Thank You, Veterans
“To us in America, the reflections of Armistice Day will be filled with solemn pride in the heroism of those who died in the country’s service and with gratitude for the victory, both because of the thing from which it has freed us and because of the opportunity it has given America to show her sympathy with peace and justice in the councils of the nations.” -President Woodrow Wilson
On Nov. 11, 1919, President Willson proclaimed Armistice Day a holiday that would later be adopted by Congress in 1938. After undergoing a few name and date changes, we now celebrate Veteran’s Day on Nov. 11 each year.
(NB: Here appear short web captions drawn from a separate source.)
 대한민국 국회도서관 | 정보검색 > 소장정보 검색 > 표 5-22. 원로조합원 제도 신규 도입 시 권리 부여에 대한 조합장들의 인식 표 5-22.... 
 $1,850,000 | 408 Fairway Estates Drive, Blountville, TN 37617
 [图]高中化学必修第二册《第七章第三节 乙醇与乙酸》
This week and every week, we at Executive Speakers Bureau want to say thank you to all of those who are serving and who have served our country. Thank you for honoring our country, defending our freedom and being willing to give the ultimate sacrifice for us.
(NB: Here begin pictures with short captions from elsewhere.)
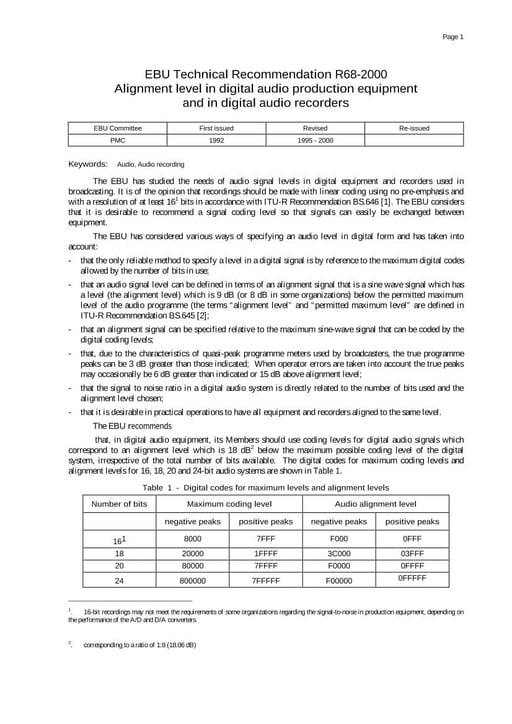 Alignment level in digital audio production equipment and recorders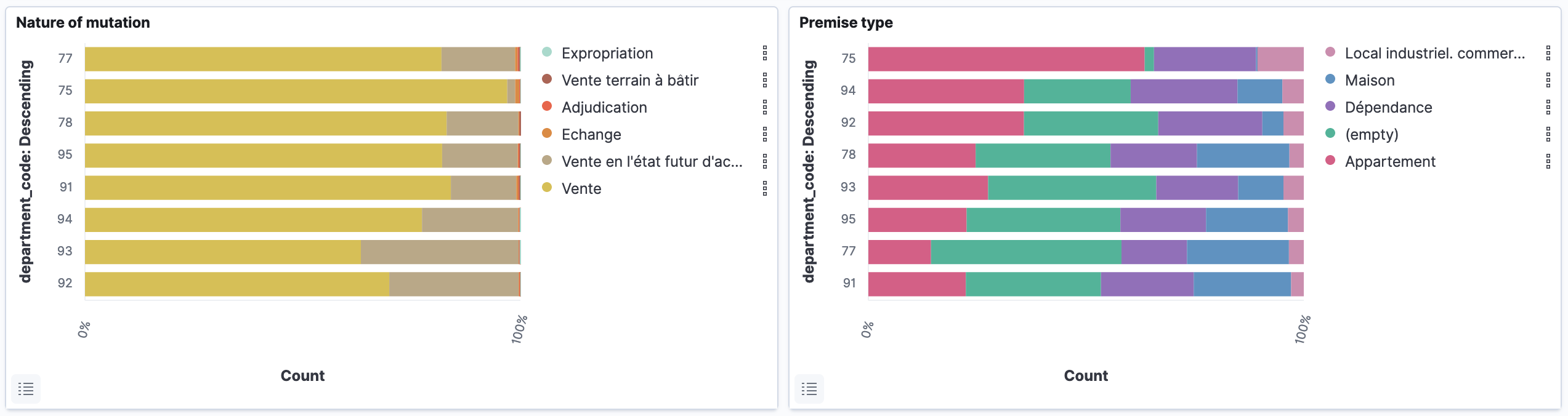 2020 Ile-de-France distribution of nature of mutation and distribution of premise type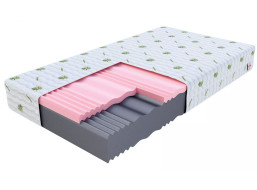 Pěnová matrace SELECT MAX 200x140x18 cm - paměťová pěna/HR pěna se zvýšenou hustotou + Aloe vera potah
We especially want to give a big thank you to our Veteran speakers who now use their past experiences to inspire and motivate audiences everywhere.
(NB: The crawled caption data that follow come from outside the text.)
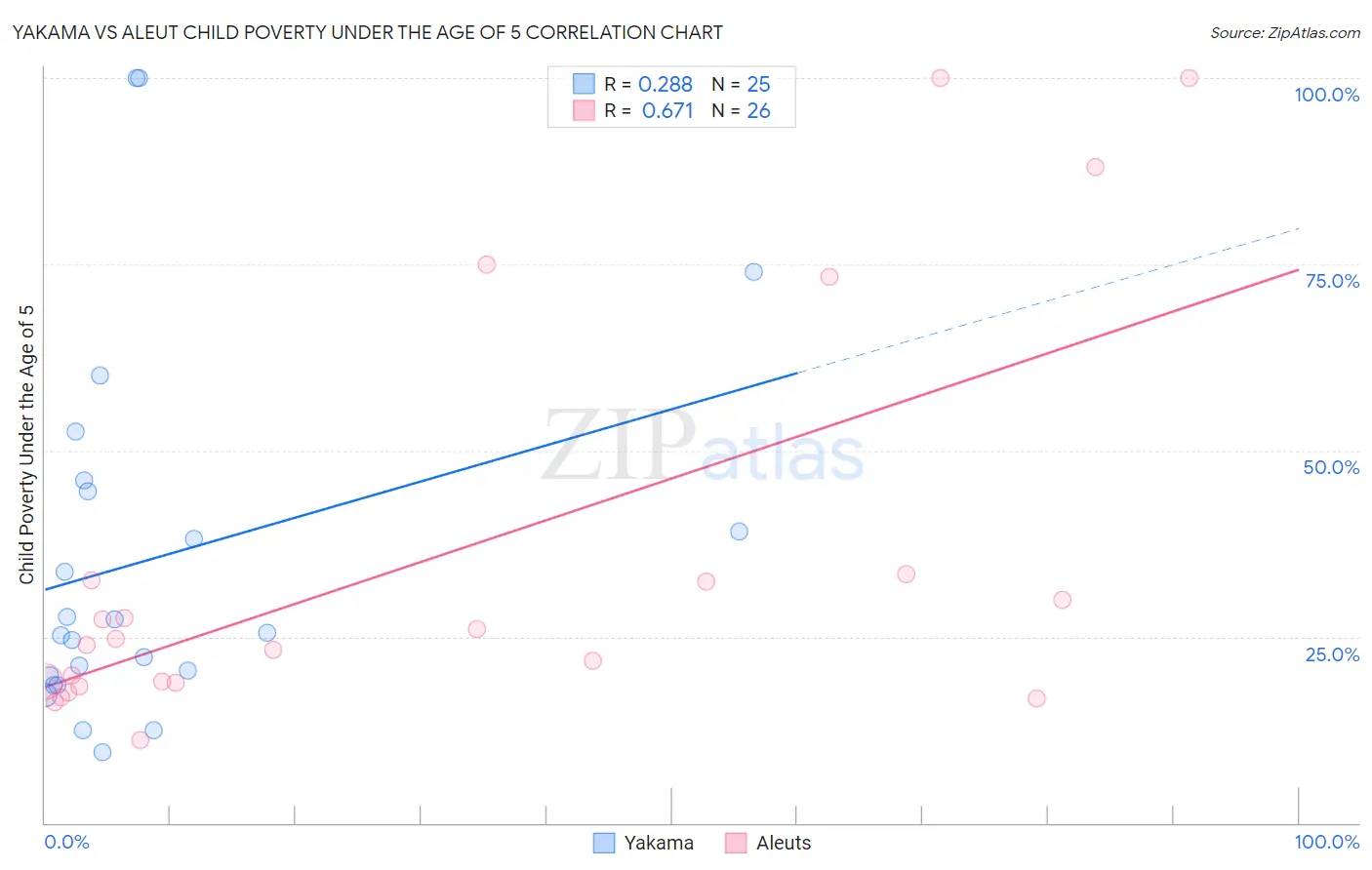 Yakama vs Aleut Child Poverty Under the Age of 5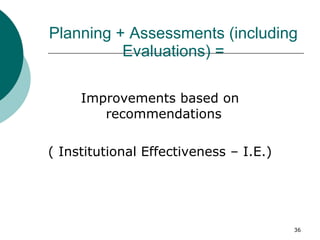Planning + Assessments (including Evaluations) = Improvements based on recommendations  ( Institutional Effectiveness – I.E.) 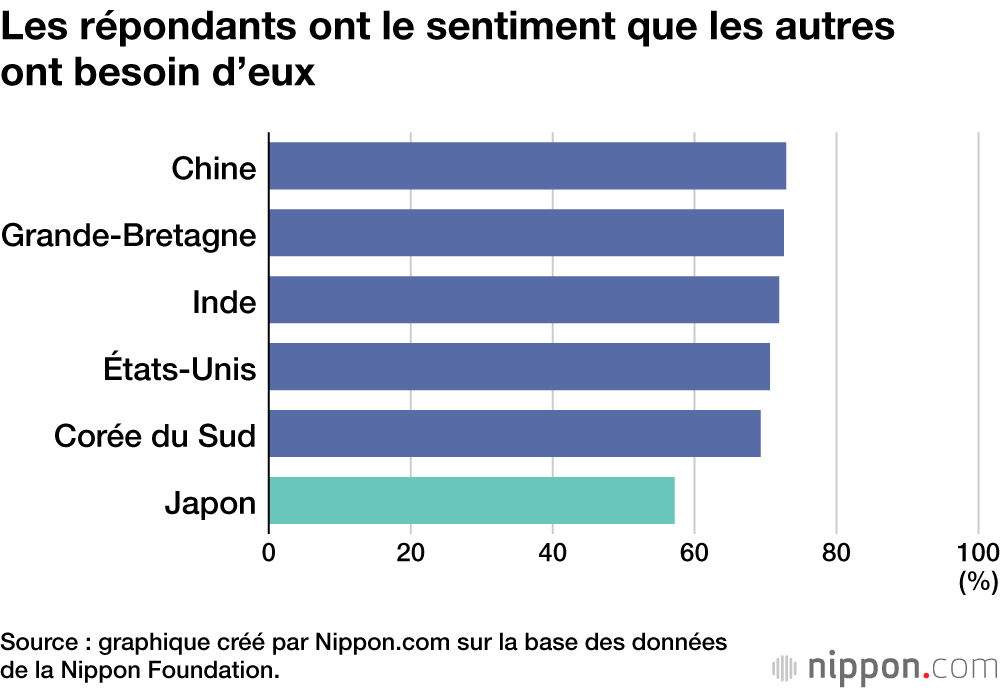 Les répondants ont le sentiment que les autres ont besoin d’eux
Major General Vinny Boles is a career Army officer who has 33 years of experience in being prepared for war and, when needed, leading and supporting teams into the toughest crucible, combat. In his time as an Army General, Major Gen. Boles was responsible for managing the nation’s $27 billion ammunition account, assuming command of the Army’s War Reserve equipment 6 weeks before the attacks of 9-11 and flexing it into operations in Afghanistan, Iraq and other locations, and deploying to Kuwait in preparation for the Invasion of Iraq with 142 personnel, which, in 90 days, grew to a force of over 8,000 soldiers, civilians and contractors by the time the invasion began.
General Peter Pace retired from Active Duty in 2007 after he served in the United States Marine Corps for over 40 years. He is a highly decorated General who has received awards such as the Bronze Star, the Defense Distinguished Service medal, and the Presidential Medal of Freedom from President George W. Bush in 2008. He also served as the 16th Chairman of the Joint Chiefs of Staff. In this position, he served as the principal military advisor to the President, the Secretary of Defense, the National Security Council and the Homeland Security Council. Prior to becoming the Chairman, he served as Vice Chairman of the Joint Chiefs of Staff. General Pace is the first Marine to have served in either of these positions.
Lieutenant Colonel Kevin Sweeney is a jack of all trades. He is a decorated combat pilot who spent 23 years in the United States Air Force and Air National Guard, an author of 2 books, and an All-Conference collegiate basketball player who beat multiple school records to name a few of the different hats that he wears. Known as “The Colonel”, Sweeney is the only person to have ever successfully landed a KC-135 military plane after having two of the four engines ripped from the plane during nighttime combat in Desert Storm. The Colonel uses his real life story describing the mission in the darkness of night, while at maximum weight and on a combat mission to illustrate how your team can overcome any obstacle facing them. He and his team were awarded the United States Air Force Distinguished Flying Cross for their incredible aeronautical feat during the mission.
Rocky Bleier wasn’t very big fast, but he was a determined athlete when the Pittsburgh Steelers picked him late in the 1968 draft after his brilliant career at the University of Notre Dame. Before he could prove himself as a rookie for the Steelers, he was drafted again – this time, for combat duty in Vietnam. During his tour in Vietnam, he was shot in the left thigh by a rifle bullet. While he was down with the gunshot wound, an enemy grenade landed nearby and sent shrapnel into his right leg. He was awarded the Purple Heart and the Bronze Star for his injuries. While recovering, he was told he would never play football again. One year after receiving his injuries, he returned back to the Steelers training camp. Although it hurt him to walk and he couldn’t run, he never gave up on his dream of playing in the NFL. Not only did he play in the NFL, he played on a Super Bowl winning team four different years. When he retired, he was the Steelers’ fourth all-time leading rusher.